Destarte, querer usufruir vantagem indevida de uma situação forjada por entes que militam e profissionalizam a saúde no Brasil não condiz com os limites mínimos do razoável, na feliz expressão de Luís Recasens Siches, filósofo mexicano inspirado, entre outros, por Hans Kelsen jurista de escol, independente de maiores adjetivações.

Guardo muitas restrições como grande parte dos brasileiros em relação aos planos de saúde e suas respectivas operadoras de um modo geral, porém jamais se pode coadunar com atitudes deploráveis de empresas que comercializam a saúde e, tampouco, contra princípios básicos da boa-fé que orbitam todas as relações jurídicas, mormente quando se refere ao mais elementar dos direitos fundamentais que aquela (Saúde) – Direito de Todos -, ostenta em cada dia para gáudio dos seres humanos.

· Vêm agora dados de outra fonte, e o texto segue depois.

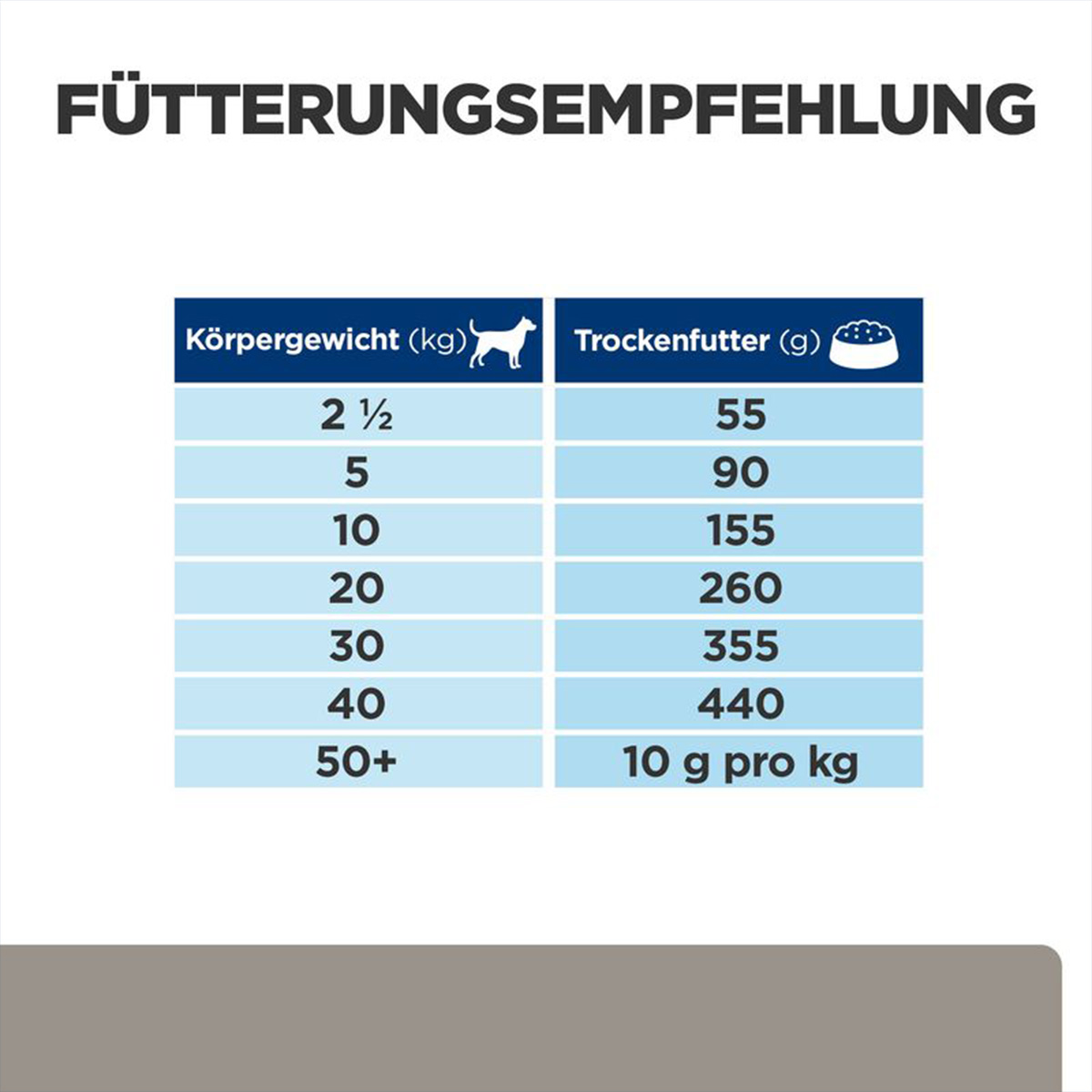 Hill's Prescription Diet l/d Hundefutter 10kg kaufen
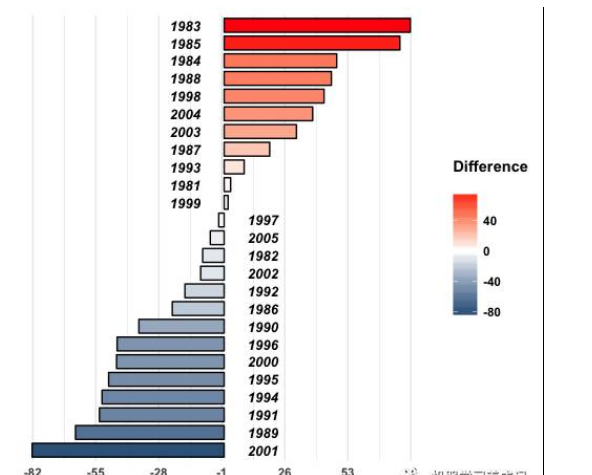 ggplot2如何进行正负区分条形图及美化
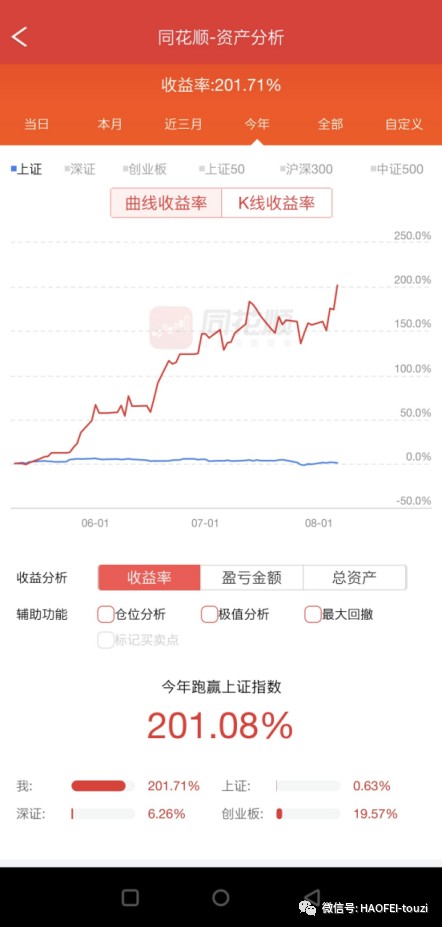 钱包图形_tp钱包k线图在哪看_钱包怎么看k线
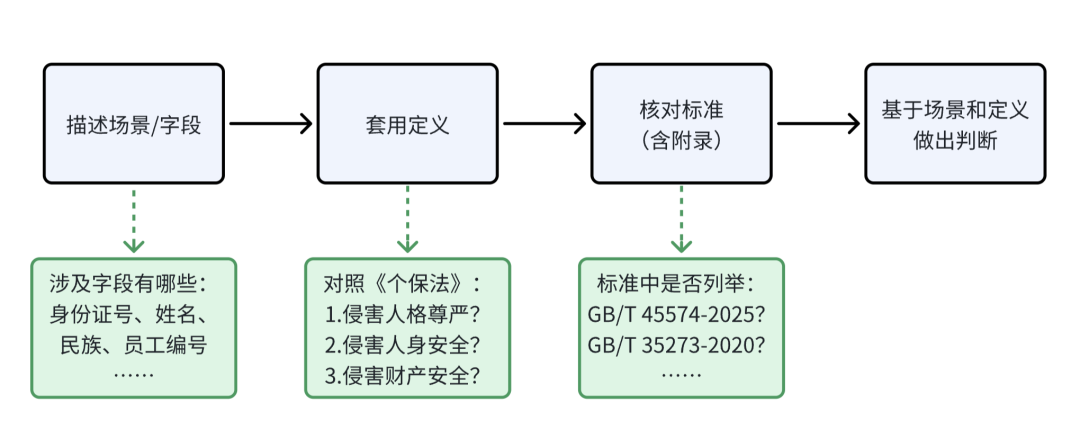 文章插图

Aí, sim, se poderá dizer alto e de bom som a seguinte frase histórica:

“Combati o bom combate, completei a carreira, guardei a fé”.[8]

É o que penso, s.m.j.

Porto Alegre, 12/05/2023.

Voltaire Marensi - Advogado e Professor.

[1] Excerto do voto do ministro relator.

[2] Tratado de Direito Privado, volume 23. Editor Borsoi. Rio de Janeiro 1958.

[3] Artigo 1.065 do Código Civil de 1.917.

[4] In fine, artigo 286 do atual Código Civil.

[5] Portal do STJ de 12/05/2023.

[6] Código Civil Comentado, volume IV, 1.934, página 231.

[7] Pontes de Miranda. Obra citada, página 275.

[8] Google. Paulo em 2ª Timóteo 4.7.